Global Credit Research - 15 Nov 2012

New York, November 15, 2012 -- Banks around the world issued 15% less unsecured, long-term debt over the past 12 months, compared with the year-ago period, as euro area banks face sustained market funding pressures, says Moody's Investors Service in its new special comment "Moody's Global Bank Debt Report: Issuance Declines, Driven by Euro Area Crisis."

Unsecured long-term debt issued by Moody's-rated banks amounted to $1.18 trillion over the 12 months ended 30 September 2012, a 15% decline from the same year-ago period. Global debt issuance is now at approximately half the level recorded at the peak, during 2007, before the ongoing period of financial markets turmoil.

"The global decline has largely been driven by euro area banks, while issuance has decreased less for banks in most other regions and many Asian banks are even seeing robust growth," said Tobias Moerschen, a Moody's Vice President. "Looking forward, we expect banks in mature markets to rely less on confidence-sensitive market funds than in the past."

Banks in the euro area experienced a sharp year-on-year drop (26%) in unsecured, long-term debt issuance tracked by Moody's for the 12 months ending 30 September 2012 (in US dollar terms). Moody's notes, however, that euro area banks saw improved debt issuance in third-quarter 2012 which could signal a degree of stabilization. Meanwhile, North American banks saw a 10% decline in issuance during the 12 months ending 30 September 2012, while Asia was the only major region to see a broad-based increase in bank debt issuance.

Moody's expects that banks in mature markets will shift toward more stable funding sources over time, because increased investor risk perceptions restrict demand for unsecured bank debt. The transition to more stable funding profiles will be particularly difficult for banks that are affected by the ongoing euro area crisis and for those that have relied heavily on market funds to date. Actions taken by banks to alleviate funding pressures include seeking to increase deposits, raising more covered bonds, and in some cases restricting new lending and shedding assets.

The new report analyzes unsecured bank debt issuance and balance sheet data for Moody's-rated banks which account for the vast majority of all global banking assets. The report provides issuance data for banks globally, as well as for eight major regions and 26 individual banking systems. The data is also available in Excel format.

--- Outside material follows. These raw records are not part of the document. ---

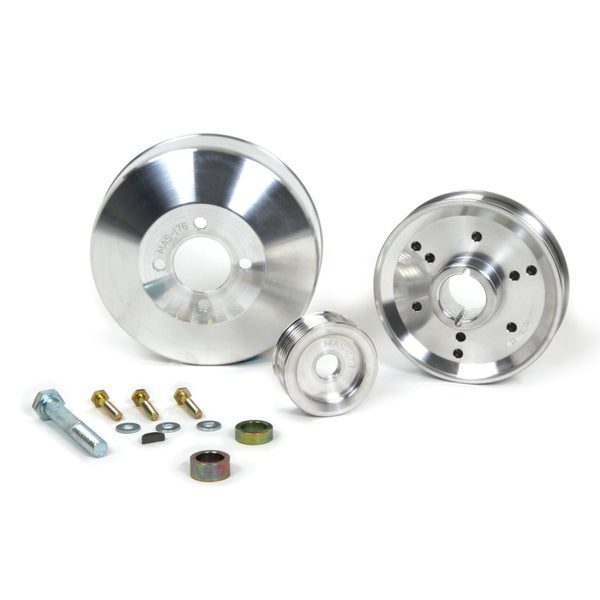 BBK 96-01 Mustang 4.6 GT Cobra Underdrive Pulley Kit - Lightweight CNC Billet Aluminum (3pc) - Bull Strap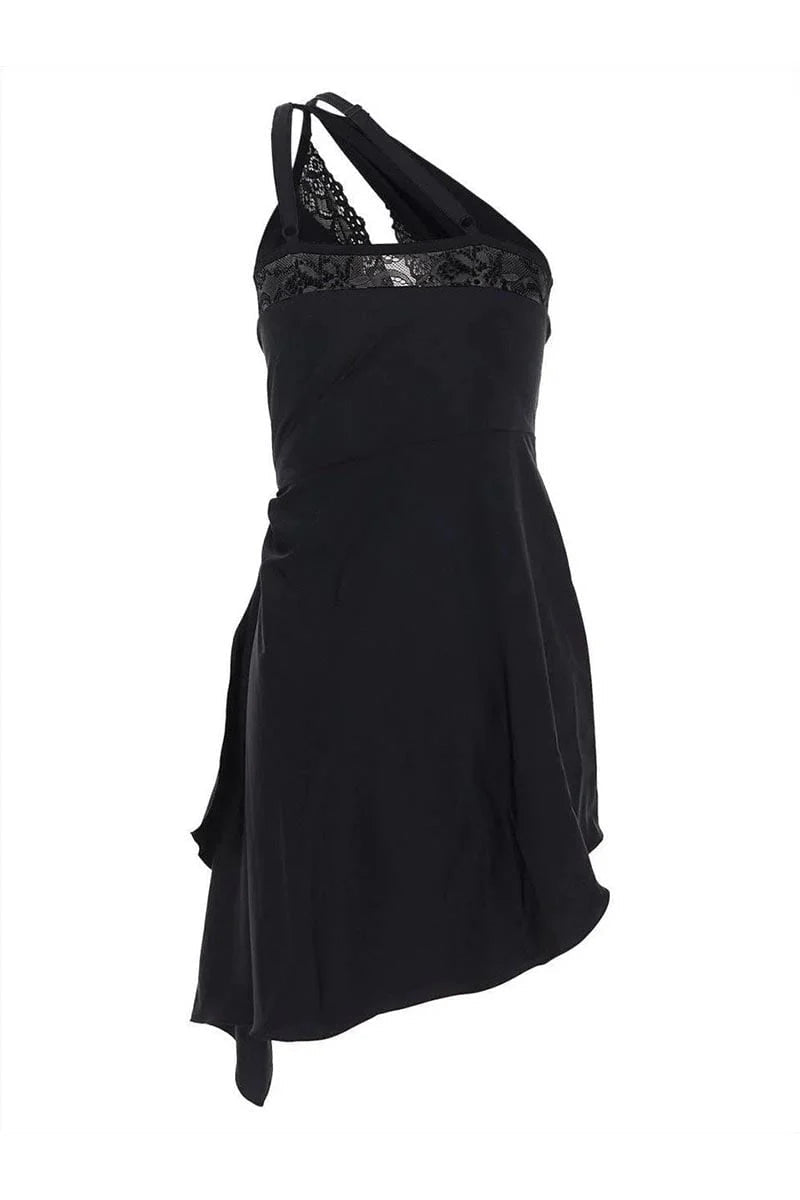 One-Shoulder Lace Hollow Mini Dress in Black Avalabel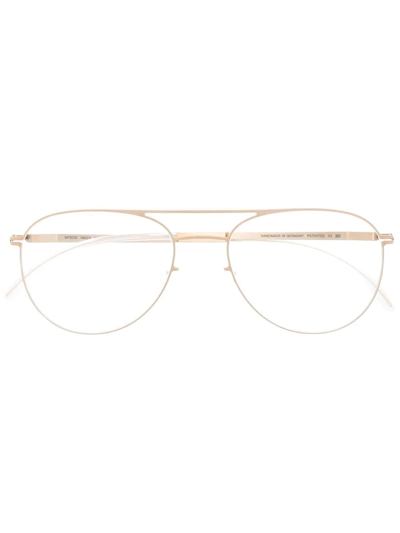 Mykita Niken Pilot-frame Glasses In Gold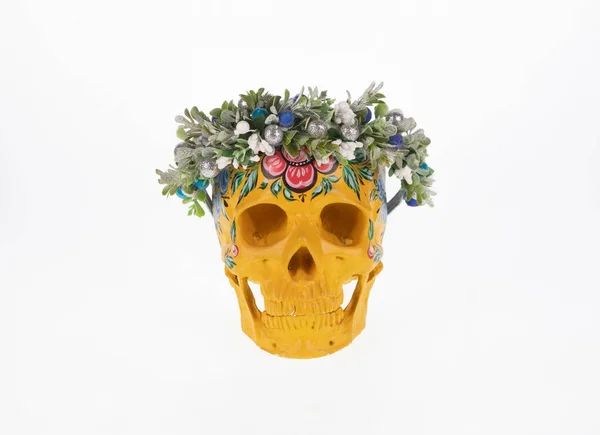 Day of the Dead Mexican skull with crown isolated on white background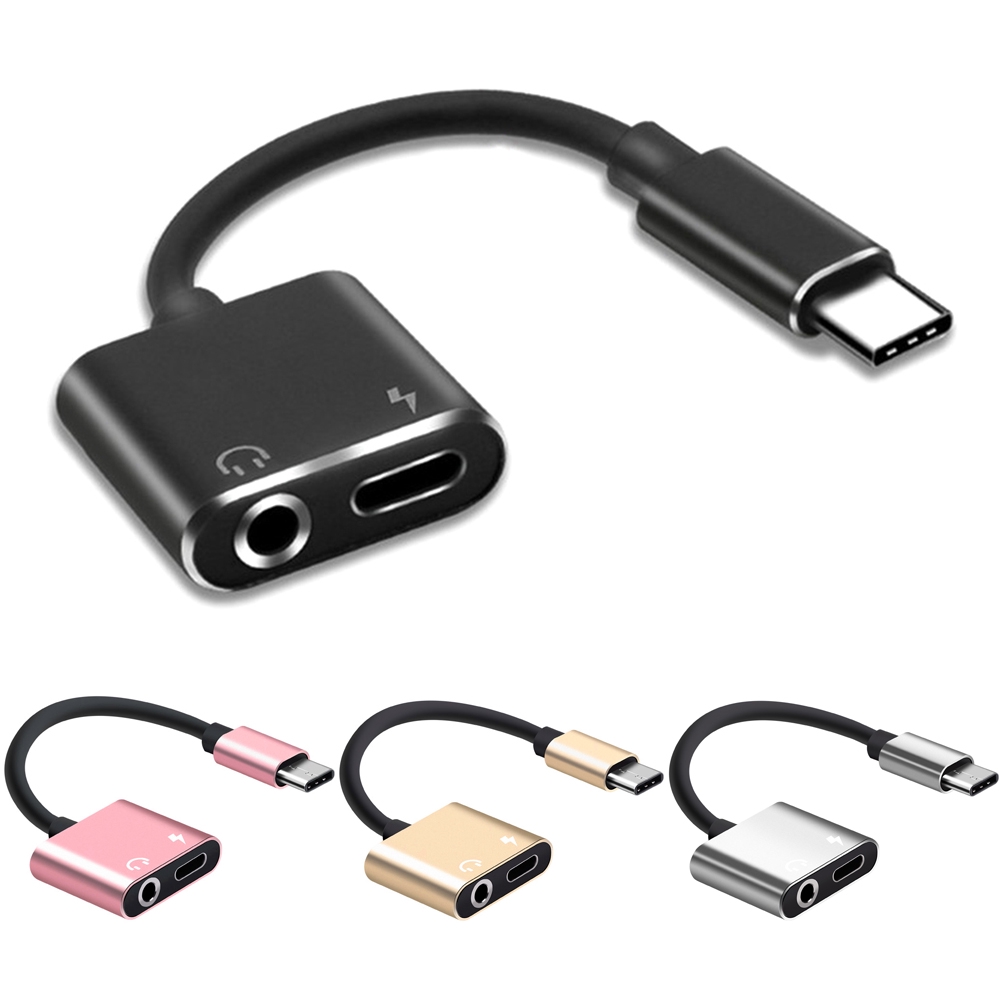 Dây cáp kết nối 2 trong 1 chuyển đổi giác cắm Type-C thành 2 cổng 3.5mm và Type-C dành cho XiaoMi HuaWei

Moody's research subscribers can access this report at http://www.moodys.com/research/Moodys-Global-Bank-Debt-Report-Issuance-Declines-Driven-by-Euro--PBC_145871

And related Excel data at: http://www.moodys.com/research/Moodys-Global-Bank-Debt-Report-Issuance-Declines-Driven-by-Euro--PBC_147183

***

NOTE TO JOURNALISTS ONLY: For more information, please call one of our global press information hotlines: New York +1-212-553-0376, London +44-20-7772-5456, Tokyo +813-5408-4110, Hong Kong +852-3758-1350, Sydney +61-2-9270-8141, Mexico City 001-888-779-5833, São Paulo 0800-891-2518, or Buenos Aires 0800-666-3506. You can also email us at mediarelations@moodys.com or visit our web site at www.moodys.com.

Tobias Moerschen
Vice President
Financial Institutions Group

250 Greenwich Street
New York, NY 10007
U.S.A.

Steffen Sorensen
Vice President - Senior Analyst
Credit Policy

Releasing Office:
Moody's Investors Service, Inc.
250 Greenwich Street
New York, NY 10007
U.S.A.
JOURNALISTS: 212-553-0376
SUBSCRIBERS: 212-553-1653

Moody's: Global bank debt issuance drops, driven by euro crisis
No Related Data.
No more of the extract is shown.